◆ DATA FOR THIS EXERCISE
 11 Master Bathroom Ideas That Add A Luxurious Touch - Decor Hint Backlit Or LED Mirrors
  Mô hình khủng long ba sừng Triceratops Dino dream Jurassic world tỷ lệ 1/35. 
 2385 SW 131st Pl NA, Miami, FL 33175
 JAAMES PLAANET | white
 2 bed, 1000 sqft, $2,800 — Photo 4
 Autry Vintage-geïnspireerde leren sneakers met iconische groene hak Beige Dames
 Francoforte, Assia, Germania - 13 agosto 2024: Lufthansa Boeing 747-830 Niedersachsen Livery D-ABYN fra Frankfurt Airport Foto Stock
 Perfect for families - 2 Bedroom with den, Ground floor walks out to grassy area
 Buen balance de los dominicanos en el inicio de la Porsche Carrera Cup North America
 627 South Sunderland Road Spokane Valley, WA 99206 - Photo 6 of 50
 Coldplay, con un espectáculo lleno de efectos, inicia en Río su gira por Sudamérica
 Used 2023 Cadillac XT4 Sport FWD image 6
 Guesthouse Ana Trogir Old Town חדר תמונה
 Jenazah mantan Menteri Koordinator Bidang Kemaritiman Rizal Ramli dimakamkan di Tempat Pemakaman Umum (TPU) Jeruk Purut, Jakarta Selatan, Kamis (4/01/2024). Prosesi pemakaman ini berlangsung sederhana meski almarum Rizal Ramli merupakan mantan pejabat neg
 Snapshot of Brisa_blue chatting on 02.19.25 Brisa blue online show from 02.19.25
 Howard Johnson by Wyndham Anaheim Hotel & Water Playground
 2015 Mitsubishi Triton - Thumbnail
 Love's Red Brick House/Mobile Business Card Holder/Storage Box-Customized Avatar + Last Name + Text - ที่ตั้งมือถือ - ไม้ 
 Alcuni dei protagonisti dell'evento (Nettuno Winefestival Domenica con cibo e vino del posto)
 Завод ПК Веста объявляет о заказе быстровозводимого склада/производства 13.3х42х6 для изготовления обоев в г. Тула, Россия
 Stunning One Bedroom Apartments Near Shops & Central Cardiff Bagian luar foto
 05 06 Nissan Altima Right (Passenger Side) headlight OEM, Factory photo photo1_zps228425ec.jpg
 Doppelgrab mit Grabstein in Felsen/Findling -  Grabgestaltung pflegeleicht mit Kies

◆ GOAL OF THE EXERCISE
Among the records above, only the lines between the line holding "Perfect for families" and the line holding "Завод ПК Веста", inclusive, are to be output, exactly as written.

◆ ANSWER BOX
 Perfect for families - 2 Bedroom with den, Ground floor walks out to grassy area
 Buen balance de los dominicanos en el inicio de la Porsche Carrera Cup North America
 627 South Sunderland Road Spokane Valley, WA 99206 - Photo 6 of 50
 Coldplay, con un espectáculo lleno de efectos, inicia en Río su gira por Sudamérica
 Used 2023 Cadillac XT4 Sport FWD image 6
 Guesthouse Ana Trogir Old Town חדר תמונה
 Jenazah mantan Menteri Koordinator Bidang Kemaritiman Rizal Ramli dimakamkan di Tempat Pemakaman Umum (TPU) Jeruk Purut, Jakarta Selatan, Kamis (4/01/2024). Prosesi pemakaman ini berlangsung sederhana meski almarum Rizal Ramli merupakan mantan pejabat neg
 Snapshot of Brisa_blue chatting on 02.19.25 Brisa blue online show from 02.19.25
 Howard Johnson by Wyndham Anaheim Hotel & Water Playground
 2015 Mitsubishi Triton - Thumbnail
 Love's Red Brick House/Mobile Business Card Holder/Storage Box-Customized Avatar + Last Name + Text - ที่ตั้งมือถือ - ไม้ 
 Alcuni dei protagonisti dell'evento (Nettuno Winefestival Domenica con cibo e vino del posto)
 Завод ПК Веста объявляет о заказе быстровозводимого склада/производства 13.3х42х6 для изготовления обоев в г. Тула, Россия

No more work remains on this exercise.